• _REQUIRED WORK_
What you return should match the material below line for line, except that no image appears in it.

• _MATERIAL TO PROCESS_
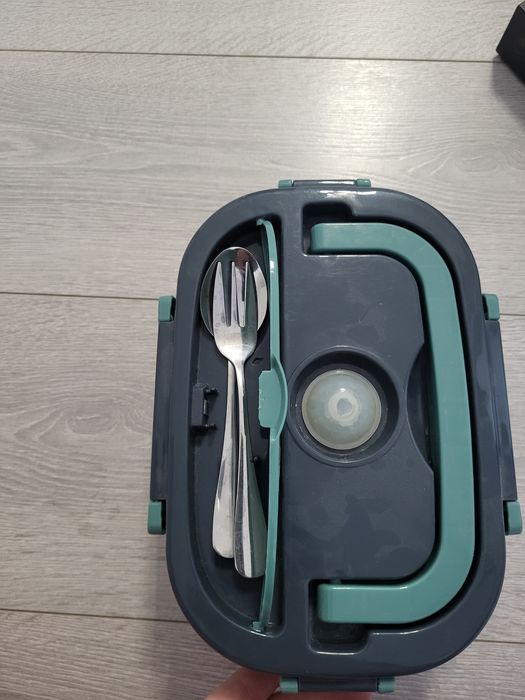 Ланчбокс с приборами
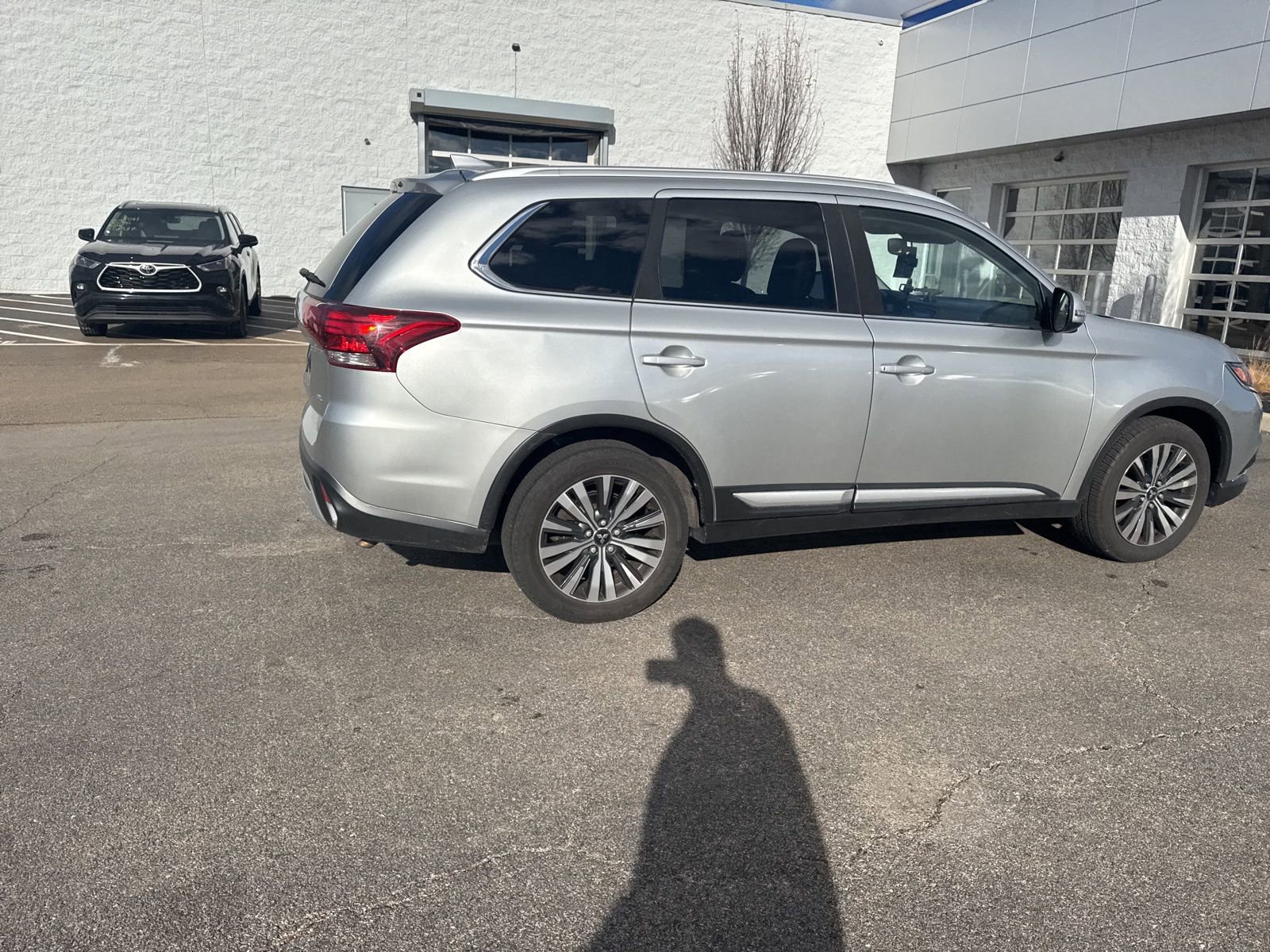 Used 2020 Mitsubishi Outlander AWD image 8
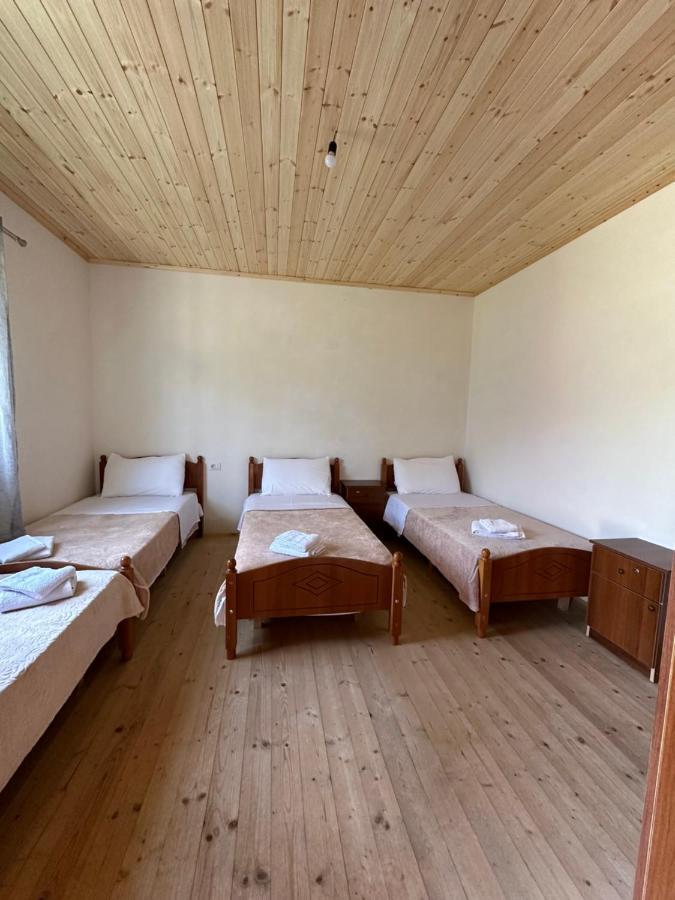 Guesthouse Freskia เธทธ์ ภายนอก รูปภาพ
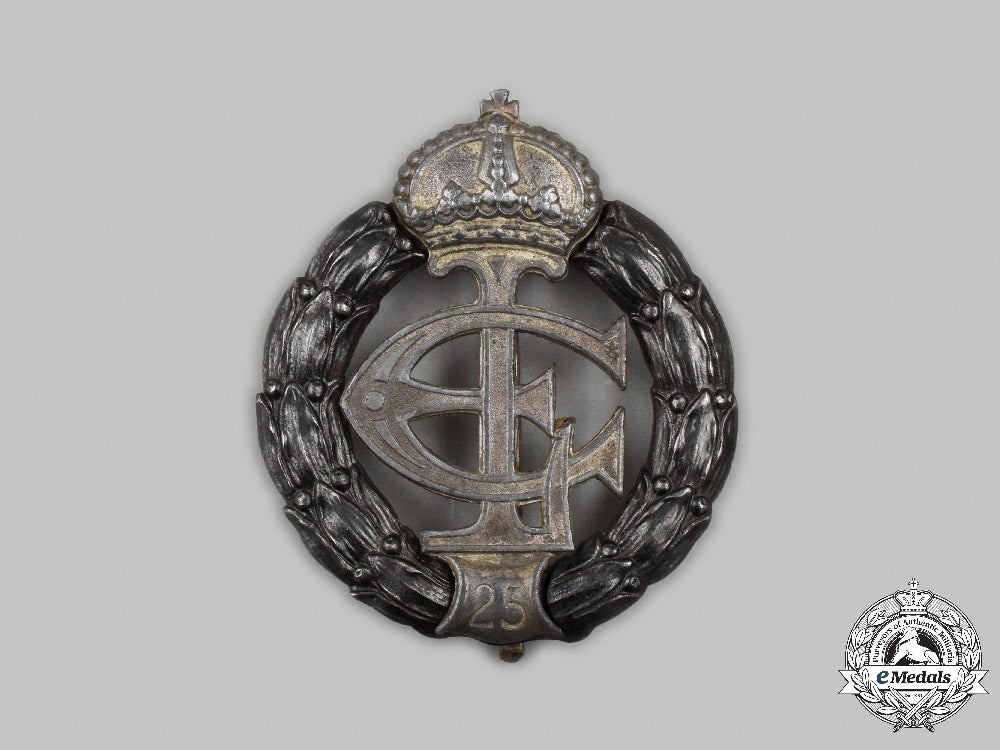 hesse-_darmstadt,_grand_duchy._a_war_honour_badge_in_iron_c2021_723emd_8440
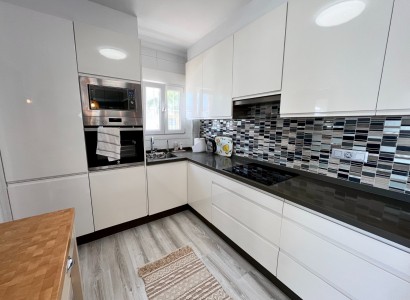 Videresalg - Villa -
Cabo Roig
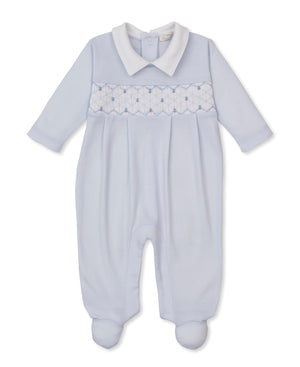 Dress your little one in ultimate comfort with the Baby Boys’ Collared Hand Smocked Footie from Kissy Kissy. Featuring a light blue color, long sleeves, a crisp white collar, and delicate hand-embroidered smocking detail across the chest, this footie is crafted from soft pima cotton for a gentle touch on your baby’s skin. A charming wardrobe addition by Kissy Kissy.
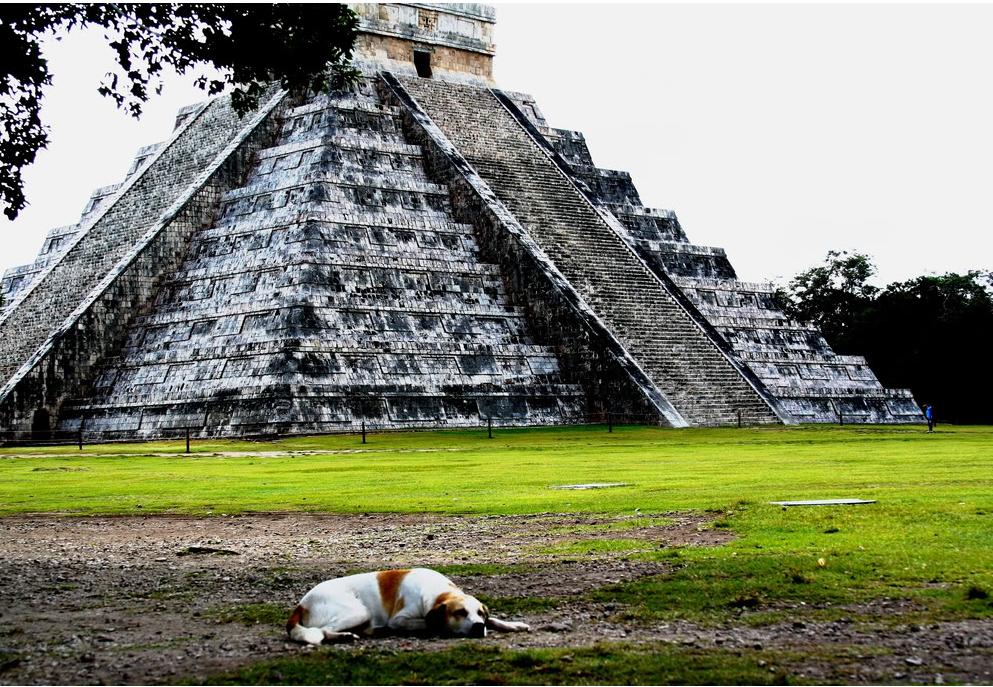 墨西哥玛雅遗址天然岩洞,墨西哥奇琴伊察玛雅城邦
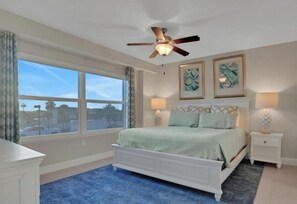 3 bedrooms, WiFi, bed sheets - Spacious Upscale 3BR Condo Balcony Ocean View & Steps to Beach (Daytona Beach)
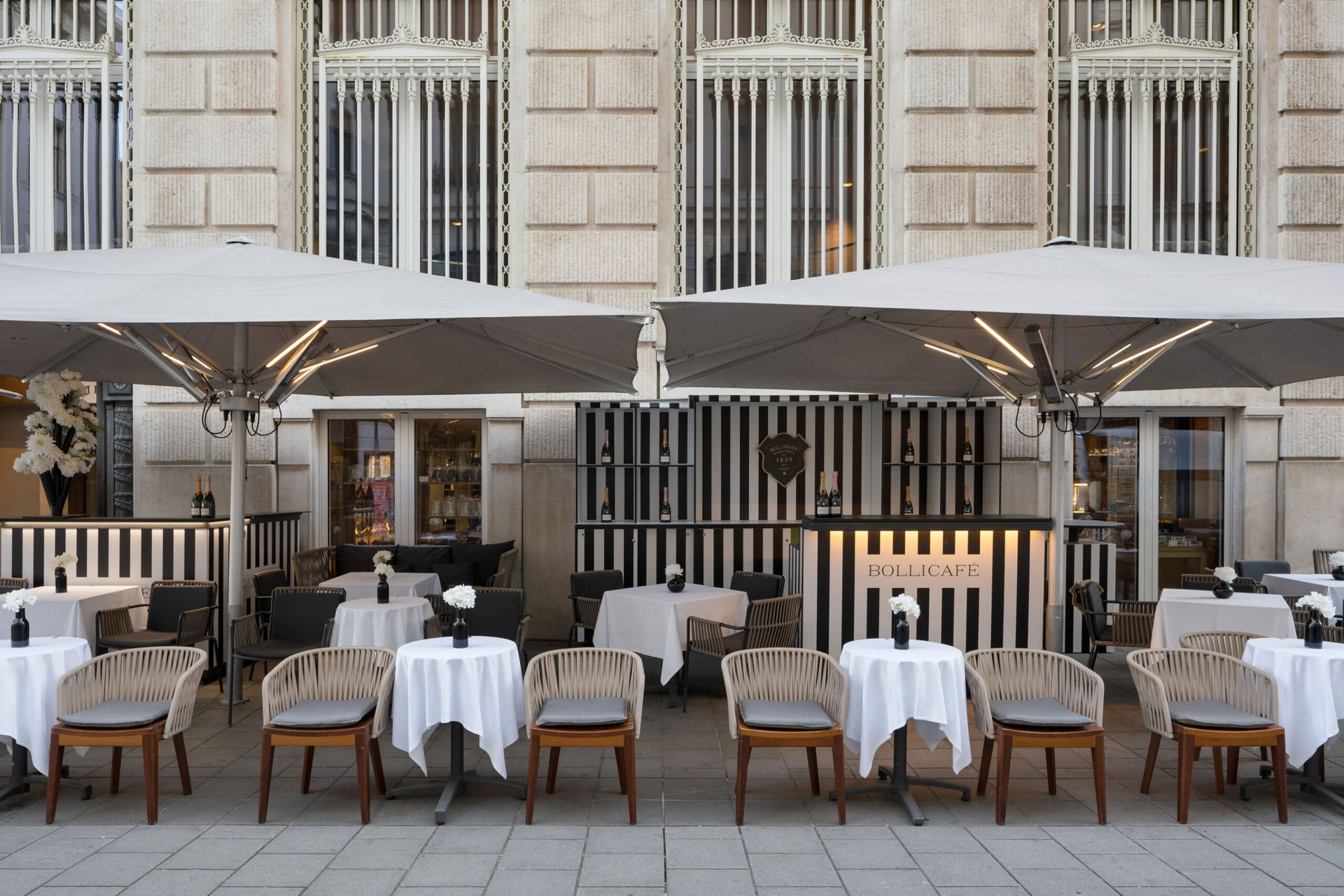 Park Hyatt Vienna Café (c) Tony Gigov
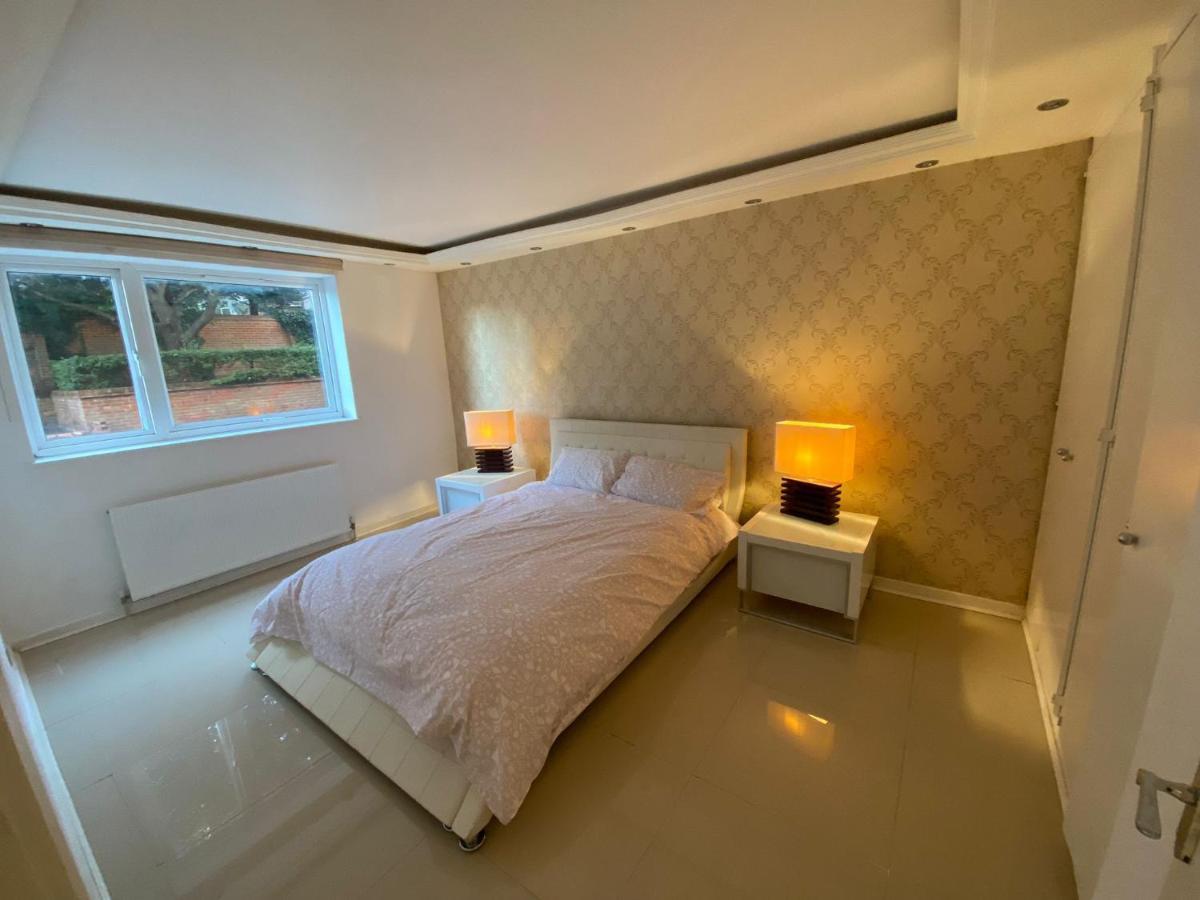 Lovely 2-bedroom Flat Facing Wimbledon Park Lejlighed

• _YOUR RESPONSE_
 Ланчбокс с приборами
 Used 2020 Mitsubishi Outlander AWD image 8
 Guesthouse Freskia เธทธ์ ภายนอก รูปภาพ
 hesse-_darmstadt,_grand_duchy._a_war_honour_badge_in_iron_c2021_723emd_8440
 Videresalg - Villa -
Cabo Roig
 Dress your little one in ultimate comfort with the Baby Boys’ Collared Hand Smocked Footie from Kissy Kissy. Featuring a light blue color, long sleeves, a crisp white collar, and delicate hand-embroidered smocking detail across the chest, this footie is crafted from soft pima cotton for a gentle touch on your baby’s skin. A charming wardrobe addition by Kissy Kissy.
 墨西哥玛雅遗址天然岩洞,墨西哥奇琴伊察玛雅城邦
 3 bedrooms, WiFi, bed sheets - Spacious Upscale 3BR Condo Balcony Ocean View & Steps to Beach (Daytona Beach)
 Park Hyatt Vienna Café (c) Tony Gigov
 Lovely 2-bedroom Flat Facing Wimbledon Park Lejlighed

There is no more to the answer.